What you are asked to do — Transcribe, without alteration, the line that includes "Hey angels, welcome" and each line after it until the records end, omitting all that precede it.

[Listed entries — start]

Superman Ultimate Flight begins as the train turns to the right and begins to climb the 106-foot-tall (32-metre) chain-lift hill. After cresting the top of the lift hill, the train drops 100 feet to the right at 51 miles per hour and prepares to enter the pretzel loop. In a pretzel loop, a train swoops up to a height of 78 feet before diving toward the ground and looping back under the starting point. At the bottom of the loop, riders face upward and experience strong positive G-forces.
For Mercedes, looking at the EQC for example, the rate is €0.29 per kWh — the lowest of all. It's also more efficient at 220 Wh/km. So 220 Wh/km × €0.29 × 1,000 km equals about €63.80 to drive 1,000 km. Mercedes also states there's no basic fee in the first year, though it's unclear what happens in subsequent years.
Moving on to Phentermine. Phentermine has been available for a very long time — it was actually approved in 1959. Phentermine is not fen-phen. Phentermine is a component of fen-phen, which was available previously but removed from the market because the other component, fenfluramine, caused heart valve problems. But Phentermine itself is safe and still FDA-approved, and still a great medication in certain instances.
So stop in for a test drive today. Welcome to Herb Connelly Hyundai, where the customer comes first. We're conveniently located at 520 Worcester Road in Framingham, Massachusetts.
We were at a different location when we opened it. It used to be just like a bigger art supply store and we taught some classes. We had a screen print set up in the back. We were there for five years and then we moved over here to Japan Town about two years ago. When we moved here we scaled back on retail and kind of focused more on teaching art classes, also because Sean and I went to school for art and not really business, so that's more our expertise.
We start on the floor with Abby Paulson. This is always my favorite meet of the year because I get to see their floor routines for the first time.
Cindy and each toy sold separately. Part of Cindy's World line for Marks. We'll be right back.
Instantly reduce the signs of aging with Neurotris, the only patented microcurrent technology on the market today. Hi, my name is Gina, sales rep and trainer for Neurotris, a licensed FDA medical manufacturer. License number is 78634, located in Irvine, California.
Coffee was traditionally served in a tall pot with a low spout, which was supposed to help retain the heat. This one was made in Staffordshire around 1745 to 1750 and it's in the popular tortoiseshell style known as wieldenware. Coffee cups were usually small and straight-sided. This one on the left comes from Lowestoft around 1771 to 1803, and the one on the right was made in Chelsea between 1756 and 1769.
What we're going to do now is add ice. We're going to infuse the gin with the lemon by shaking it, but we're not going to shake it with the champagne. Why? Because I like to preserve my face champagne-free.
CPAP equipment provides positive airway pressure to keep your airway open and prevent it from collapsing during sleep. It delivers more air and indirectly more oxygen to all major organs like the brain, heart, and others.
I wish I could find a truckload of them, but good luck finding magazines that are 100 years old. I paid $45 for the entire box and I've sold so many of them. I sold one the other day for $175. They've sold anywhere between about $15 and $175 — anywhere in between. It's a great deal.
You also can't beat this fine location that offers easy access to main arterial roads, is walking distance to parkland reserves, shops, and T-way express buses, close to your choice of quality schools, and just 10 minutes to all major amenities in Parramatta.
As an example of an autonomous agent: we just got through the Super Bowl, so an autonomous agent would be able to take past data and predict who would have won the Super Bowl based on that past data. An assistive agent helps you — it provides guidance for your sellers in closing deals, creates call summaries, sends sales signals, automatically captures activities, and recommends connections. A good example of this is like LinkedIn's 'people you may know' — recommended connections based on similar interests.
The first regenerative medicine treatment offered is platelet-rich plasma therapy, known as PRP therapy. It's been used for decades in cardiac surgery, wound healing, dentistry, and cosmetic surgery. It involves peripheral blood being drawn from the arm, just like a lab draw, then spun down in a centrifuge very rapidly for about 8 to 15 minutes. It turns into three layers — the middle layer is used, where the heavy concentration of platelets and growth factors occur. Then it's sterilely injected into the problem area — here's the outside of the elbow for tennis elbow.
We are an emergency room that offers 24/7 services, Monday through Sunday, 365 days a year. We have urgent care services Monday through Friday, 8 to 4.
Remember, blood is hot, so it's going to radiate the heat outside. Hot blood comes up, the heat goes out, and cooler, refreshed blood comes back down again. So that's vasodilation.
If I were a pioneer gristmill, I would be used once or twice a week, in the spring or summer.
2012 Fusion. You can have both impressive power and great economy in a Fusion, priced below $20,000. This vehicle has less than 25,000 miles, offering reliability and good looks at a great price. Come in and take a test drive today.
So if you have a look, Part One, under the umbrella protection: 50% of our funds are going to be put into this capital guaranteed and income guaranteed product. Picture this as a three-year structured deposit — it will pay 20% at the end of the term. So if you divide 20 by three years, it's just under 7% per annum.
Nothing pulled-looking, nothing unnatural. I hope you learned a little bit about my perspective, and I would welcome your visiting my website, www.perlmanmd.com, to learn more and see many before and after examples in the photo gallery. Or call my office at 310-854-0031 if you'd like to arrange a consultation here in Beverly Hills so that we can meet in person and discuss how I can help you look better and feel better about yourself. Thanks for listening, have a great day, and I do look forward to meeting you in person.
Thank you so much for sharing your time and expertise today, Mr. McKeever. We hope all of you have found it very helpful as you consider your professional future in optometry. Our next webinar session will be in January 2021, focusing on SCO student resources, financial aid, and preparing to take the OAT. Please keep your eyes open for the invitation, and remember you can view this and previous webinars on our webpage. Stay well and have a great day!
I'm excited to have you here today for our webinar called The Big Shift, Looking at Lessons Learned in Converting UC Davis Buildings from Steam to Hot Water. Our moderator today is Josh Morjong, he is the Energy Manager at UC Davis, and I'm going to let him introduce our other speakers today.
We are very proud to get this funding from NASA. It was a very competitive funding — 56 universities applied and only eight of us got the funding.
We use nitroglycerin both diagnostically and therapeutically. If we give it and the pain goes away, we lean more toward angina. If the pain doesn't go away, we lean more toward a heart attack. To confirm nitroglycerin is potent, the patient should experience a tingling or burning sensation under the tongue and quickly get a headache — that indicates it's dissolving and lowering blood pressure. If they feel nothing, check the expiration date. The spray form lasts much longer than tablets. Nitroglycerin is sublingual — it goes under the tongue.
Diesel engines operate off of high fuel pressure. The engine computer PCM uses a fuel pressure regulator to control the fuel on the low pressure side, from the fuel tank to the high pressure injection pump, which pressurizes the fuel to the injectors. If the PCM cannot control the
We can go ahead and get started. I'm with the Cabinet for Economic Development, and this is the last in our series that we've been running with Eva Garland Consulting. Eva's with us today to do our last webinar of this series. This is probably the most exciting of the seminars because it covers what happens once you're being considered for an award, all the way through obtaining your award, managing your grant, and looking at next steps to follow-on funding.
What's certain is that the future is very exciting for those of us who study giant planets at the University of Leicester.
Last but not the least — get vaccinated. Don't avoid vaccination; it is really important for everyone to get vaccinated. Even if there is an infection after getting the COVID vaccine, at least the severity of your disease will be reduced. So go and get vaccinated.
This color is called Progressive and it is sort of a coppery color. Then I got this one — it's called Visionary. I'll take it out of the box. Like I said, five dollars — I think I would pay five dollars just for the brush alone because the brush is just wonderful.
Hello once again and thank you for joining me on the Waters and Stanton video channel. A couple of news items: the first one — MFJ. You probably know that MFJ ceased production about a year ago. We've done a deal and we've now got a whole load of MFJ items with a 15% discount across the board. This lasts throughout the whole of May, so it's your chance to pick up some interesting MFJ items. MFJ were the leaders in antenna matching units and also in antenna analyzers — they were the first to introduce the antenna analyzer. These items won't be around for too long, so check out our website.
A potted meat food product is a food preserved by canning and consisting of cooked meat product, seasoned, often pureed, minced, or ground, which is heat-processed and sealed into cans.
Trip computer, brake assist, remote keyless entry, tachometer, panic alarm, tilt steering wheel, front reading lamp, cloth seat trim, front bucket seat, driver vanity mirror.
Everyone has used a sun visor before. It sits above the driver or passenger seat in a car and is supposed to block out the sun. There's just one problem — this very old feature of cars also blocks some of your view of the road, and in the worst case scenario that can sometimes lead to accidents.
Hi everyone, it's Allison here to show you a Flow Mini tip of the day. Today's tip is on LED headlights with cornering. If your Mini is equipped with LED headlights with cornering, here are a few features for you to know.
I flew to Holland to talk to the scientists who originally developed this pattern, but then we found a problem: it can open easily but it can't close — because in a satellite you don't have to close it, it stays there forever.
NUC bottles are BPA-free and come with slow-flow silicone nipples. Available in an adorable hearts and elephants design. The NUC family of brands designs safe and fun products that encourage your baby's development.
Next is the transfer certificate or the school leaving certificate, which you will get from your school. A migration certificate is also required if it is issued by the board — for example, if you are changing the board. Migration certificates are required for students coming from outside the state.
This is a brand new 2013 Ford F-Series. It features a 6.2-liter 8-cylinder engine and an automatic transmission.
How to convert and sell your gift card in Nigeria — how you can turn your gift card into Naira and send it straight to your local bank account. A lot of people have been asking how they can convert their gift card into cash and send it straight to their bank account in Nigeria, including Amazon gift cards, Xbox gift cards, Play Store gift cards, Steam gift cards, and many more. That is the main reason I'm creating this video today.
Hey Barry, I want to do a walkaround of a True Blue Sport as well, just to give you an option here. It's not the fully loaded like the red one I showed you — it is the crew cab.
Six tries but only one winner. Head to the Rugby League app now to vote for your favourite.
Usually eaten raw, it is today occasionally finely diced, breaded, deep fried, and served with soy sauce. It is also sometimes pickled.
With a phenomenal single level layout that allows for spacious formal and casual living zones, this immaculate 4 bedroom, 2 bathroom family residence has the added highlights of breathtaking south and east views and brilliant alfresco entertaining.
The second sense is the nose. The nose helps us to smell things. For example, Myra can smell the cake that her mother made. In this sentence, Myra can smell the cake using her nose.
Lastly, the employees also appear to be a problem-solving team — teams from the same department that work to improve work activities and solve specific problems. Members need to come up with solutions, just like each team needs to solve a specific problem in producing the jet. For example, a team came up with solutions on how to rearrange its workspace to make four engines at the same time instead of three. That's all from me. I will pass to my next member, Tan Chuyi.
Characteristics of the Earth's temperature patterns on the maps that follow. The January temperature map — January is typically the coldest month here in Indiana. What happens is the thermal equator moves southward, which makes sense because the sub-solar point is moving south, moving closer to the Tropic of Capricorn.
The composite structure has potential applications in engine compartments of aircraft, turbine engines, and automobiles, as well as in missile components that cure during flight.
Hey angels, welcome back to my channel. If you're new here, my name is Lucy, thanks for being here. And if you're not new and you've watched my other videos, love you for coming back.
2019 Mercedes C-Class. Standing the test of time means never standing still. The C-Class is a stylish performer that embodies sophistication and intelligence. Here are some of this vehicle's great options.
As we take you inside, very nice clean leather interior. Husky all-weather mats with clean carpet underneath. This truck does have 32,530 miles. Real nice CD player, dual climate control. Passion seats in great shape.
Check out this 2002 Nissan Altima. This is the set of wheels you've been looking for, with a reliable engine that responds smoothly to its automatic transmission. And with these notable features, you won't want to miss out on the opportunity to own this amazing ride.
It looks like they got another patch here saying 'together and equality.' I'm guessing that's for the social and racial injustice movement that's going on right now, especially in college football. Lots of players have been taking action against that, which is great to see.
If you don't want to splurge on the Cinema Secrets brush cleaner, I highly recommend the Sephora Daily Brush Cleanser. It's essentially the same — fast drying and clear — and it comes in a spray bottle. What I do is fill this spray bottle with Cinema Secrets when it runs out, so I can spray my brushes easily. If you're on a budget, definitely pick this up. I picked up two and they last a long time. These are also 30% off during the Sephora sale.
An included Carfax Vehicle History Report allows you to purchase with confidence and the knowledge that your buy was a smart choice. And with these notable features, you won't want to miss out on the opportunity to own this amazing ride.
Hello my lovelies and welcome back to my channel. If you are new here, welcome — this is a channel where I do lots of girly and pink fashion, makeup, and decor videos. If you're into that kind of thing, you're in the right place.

[Listed entries — finish]

Finished task —
Hey angels, welcome back to my channel. If you're new here, my name is Lucy, thanks for being here. And if you're not new and you've watched my other videos, love you for coming back.
2019 Mercedes C-Class. Standing the test of time means never standing still. The C-Class is a stylish performer that embodies sophistication and intelligence. Here are some of this vehicle's great options.
As we take you inside, very nice clean leather interior. Husky all-weather mats with clean carpet underneath. This truck does have 32,530 miles. Real nice CD player, dual climate control. Passion seats in great shape.
Check out this 2002 Nissan Altima. This is the set of wheels you've been looking for, with a reliable engine that responds smoothly to its automatic transmission. And with these notable features, you won't want to miss out on the opportunity to own this amazing ride.
It looks like they got another patch here saying 'together and equality.' I'm guessing that's for the social and racial injustice movement that's going on right now, especially in college football. Lots of players have been taking action against that, which is great to see.
If you don't want to splurge on the Cinema Secrets brush cleaner, I highly recommend the Sephora Daily Brush Cleanser. It's essentially the same — fast drying and clear — and it comes in a spray bottle. What I do is fill this spray bottle with Cinema Secrets when it runs out, so I can spray my brushes easily. If you're on a budget, definitely pick this up. I picked up two and they last a long time. These are also 30% off during the Sephora sale.
An included Carfax Vehicle History Report allows you to purchase with confidence and the knowledge that your buy was a smart choice. And with these notable features, you won't want to miss out on the opportunity to own this amazing ride.
Hello my lovelies and welcome back to my channel. If you are new here, welcome — this is a channel where I do lots of girly and pink fashion, makeup, and decor videos. If you're into that kind of thing, you're in the right place.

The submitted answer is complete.